Mimicking the experimental setup used in our study, we generated 100 trials of random data for 2 × 35 subjects (uniform sampling of values between 1 and 9; 35 subjects because this was the smallest group size in our experiment). For each of the subjects in the simulated short-delay group, we used true individual behavioral scores to separate plausible portions of the encoding data into source memory, item memory, and miss encoding. As an example, a participant in our experiment produced 18% miss, 24% item memory, and 58% source memory responses. Thus, for one simulated subject, the first (and lowest) 18 values in the sorted sample of generated intensities were classified as misses, the next 24 values were classified as item memories, and the remaining 58 (and highest) values were classified as source memory trials. This operation was repeated 10,000 times for each simulated subject, and the average intensities producing miss, item memory, and source memory responses across subjects were calculated, together with the average SDs around these values: miss, 1.84 ± 0.49; item, 3.53 ± 1.06; source, 6.71 ± 0.67.

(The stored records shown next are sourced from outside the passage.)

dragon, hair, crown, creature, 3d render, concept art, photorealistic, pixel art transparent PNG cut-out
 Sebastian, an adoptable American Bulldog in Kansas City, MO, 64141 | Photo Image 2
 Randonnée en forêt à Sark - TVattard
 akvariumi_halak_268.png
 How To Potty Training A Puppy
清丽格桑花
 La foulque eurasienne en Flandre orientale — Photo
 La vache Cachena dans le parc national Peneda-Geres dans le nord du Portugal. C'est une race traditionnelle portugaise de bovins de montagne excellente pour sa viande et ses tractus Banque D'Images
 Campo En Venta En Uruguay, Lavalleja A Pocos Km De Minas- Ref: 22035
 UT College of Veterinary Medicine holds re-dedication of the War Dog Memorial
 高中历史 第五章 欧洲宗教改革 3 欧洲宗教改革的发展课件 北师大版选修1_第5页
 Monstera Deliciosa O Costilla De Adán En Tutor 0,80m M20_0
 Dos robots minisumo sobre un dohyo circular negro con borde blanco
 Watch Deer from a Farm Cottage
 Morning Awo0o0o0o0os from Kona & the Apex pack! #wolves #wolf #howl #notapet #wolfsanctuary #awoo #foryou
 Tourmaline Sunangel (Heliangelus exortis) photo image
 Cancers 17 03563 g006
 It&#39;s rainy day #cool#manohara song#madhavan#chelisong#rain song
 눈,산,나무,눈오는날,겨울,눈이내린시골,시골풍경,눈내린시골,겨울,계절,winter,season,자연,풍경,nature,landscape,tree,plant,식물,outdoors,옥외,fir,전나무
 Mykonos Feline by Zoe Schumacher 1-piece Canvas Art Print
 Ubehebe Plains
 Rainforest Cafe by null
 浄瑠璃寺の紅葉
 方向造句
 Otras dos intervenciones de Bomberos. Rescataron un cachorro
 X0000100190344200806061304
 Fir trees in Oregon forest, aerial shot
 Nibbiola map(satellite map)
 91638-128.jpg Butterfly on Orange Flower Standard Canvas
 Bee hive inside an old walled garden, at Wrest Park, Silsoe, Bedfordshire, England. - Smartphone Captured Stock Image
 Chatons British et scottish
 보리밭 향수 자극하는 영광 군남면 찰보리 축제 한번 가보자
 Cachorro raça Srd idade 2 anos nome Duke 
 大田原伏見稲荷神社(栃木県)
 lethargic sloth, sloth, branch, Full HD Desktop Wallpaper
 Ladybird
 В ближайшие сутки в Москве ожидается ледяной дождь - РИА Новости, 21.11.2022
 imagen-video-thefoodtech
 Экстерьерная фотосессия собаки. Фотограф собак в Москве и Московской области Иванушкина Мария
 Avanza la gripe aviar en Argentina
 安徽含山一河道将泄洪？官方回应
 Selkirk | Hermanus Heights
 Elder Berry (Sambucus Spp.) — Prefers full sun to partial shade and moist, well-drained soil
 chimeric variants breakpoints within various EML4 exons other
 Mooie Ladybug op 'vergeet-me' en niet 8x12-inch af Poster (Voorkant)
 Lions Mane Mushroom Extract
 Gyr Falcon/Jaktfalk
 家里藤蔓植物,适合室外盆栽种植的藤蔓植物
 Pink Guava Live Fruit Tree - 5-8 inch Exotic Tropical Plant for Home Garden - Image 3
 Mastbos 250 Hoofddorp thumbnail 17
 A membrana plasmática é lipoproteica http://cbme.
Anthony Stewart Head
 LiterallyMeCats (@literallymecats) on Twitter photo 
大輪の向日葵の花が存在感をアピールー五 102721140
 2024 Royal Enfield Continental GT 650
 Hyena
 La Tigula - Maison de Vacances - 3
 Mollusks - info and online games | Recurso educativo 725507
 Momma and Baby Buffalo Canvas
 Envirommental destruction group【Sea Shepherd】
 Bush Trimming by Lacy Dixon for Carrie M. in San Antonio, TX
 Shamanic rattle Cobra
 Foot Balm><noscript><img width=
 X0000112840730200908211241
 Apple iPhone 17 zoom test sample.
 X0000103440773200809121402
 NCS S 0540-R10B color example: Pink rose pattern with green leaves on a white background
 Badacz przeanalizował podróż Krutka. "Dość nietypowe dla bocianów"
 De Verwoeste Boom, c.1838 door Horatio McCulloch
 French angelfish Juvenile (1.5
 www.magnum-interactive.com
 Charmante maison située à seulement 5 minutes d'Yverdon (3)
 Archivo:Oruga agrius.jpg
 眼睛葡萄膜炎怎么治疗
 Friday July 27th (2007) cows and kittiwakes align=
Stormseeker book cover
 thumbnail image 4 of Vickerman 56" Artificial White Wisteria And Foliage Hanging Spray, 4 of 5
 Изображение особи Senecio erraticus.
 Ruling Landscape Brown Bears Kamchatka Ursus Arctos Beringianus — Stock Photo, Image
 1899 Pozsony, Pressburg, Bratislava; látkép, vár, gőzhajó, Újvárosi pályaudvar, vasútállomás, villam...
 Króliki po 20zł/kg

Identical steps were followed for the subjects in the long-delay group, but the resulting mean strengths associated with each encoding condition were here additionally multiplied with a decay factor, and the resulting “decayed” data points were classified into miss, item memory, or source memory trials based on whether they exceeded the source/item memory thresholds established before decay. We iterated over several decay factor values to find one that produced results resembling those observed in the true behavioral data from the long-delay group. A decay factor of 0.58, when applied to the simulated data, gave the lowest mean deviation from the true behavioral scores in the long-delay group and produced average source memory scores of 20.0%, item memory scores of 35.2%, and miss scores of 44.8%. With this decay factor, mean encoding intensities producing miss, item memory, and source memory responses after a long delay were 2.79 ± 0.88, 5.95 ± 1.54, and 8.09 ± 0.81, respectively. From the simulated mean strengths in the two groups, we could approximate the BOLD effect size expected to be found between the two groups if durable source memories are selected based on intensity alone. The effect of main interest, source encoding strength compared across the two groups, produced a Cohen's delta effect size of 1.86. Unsurprisingly, post hoc power analyses using G*Power 3 (Faul et al., 2007) demonstrated that we would reliably detect such a big effect—should it be present in the data—with the sample size used in the current experiment [achieved power > 99%, given α error probability of 0.05, sample size of 74 (39 + 35), and effect size of 1.86]. Because we do not find this effect, we take the simulation results as additional support for the argument that intensity encoding alone cannot explain how durable episodic representations are established.
PPIs
Having evaluated the encoding intensity account of how durable memories are established, we next investigated whether a complementary underlying mechanism could be found in levels of connectivity during source memory encoding. The generalized PPI analysis allowed us to search for task-specific changes in hippocampal–cortical functional connectivity during encoding. With the term “hippocampal–cortical,” we here mean connectivity between the Freesurfer-defined hippocampus (which is a part of the subcortical segmentation stream of Freesurfer) and the Freesurfer-defined cortical surface. We first analyzed data from the two groups separately and found similar significant (p < 0.05, corrected) patterns of stronger connectivity between the left hippocampus and the left rostral middle frontal lobe (peak MNI coordinate, x = −39, y = 32, z = 18) during source memory encoding compared with item memory and miss trials (Fig. 5). When directly comparing the connectivity of the left hippocampus during source memory encoding between the two groups, no differences were observed, indicating that the observed patterns are associated with source memory encoding in general and not with encoding of durable memories in particular. However, such a selective pattern was observed in the task-specific connectivity associated with the right hippocampus: only in the long-delay group did we find evidence for stronger communication with cortical areas during source memory encoding than during the other task conditions (Fig. 5). A direct comparison of the right hippocampal–cortical connectivity of the two groups during source memory encoding showed significantly (p < 0.05, corrected) stronger effects in the long-delay group, confirming that hippocampal communication with a set of occipital, parietal, and temporal regions is particularly high during encoding of durable source memories.
Discussion
During the encoding of an event, high levels of BOLD activation/deactivation in memory encoding networks predict successful initial consolidation. Although this intensity principle seems to govern which episodes will survive into the immediate post-encoding interval and become candidates for system consolidation, the present results indicate that another, complementary, mechanism is responsible for establishing which of these memory traces will take a more permanent form and remain accessible during the following weeks and months. Here we show that high connectivity at encoding between the right hippocampus and a set of posterior perceptual neocortical regions is predictive of recollection success after a retention interval of ∼6 weeks. We suggest that this connectivity pattern reflects tagging of memory traces that will undergo additional post-encoding processing and therefore potentially reach a durable status.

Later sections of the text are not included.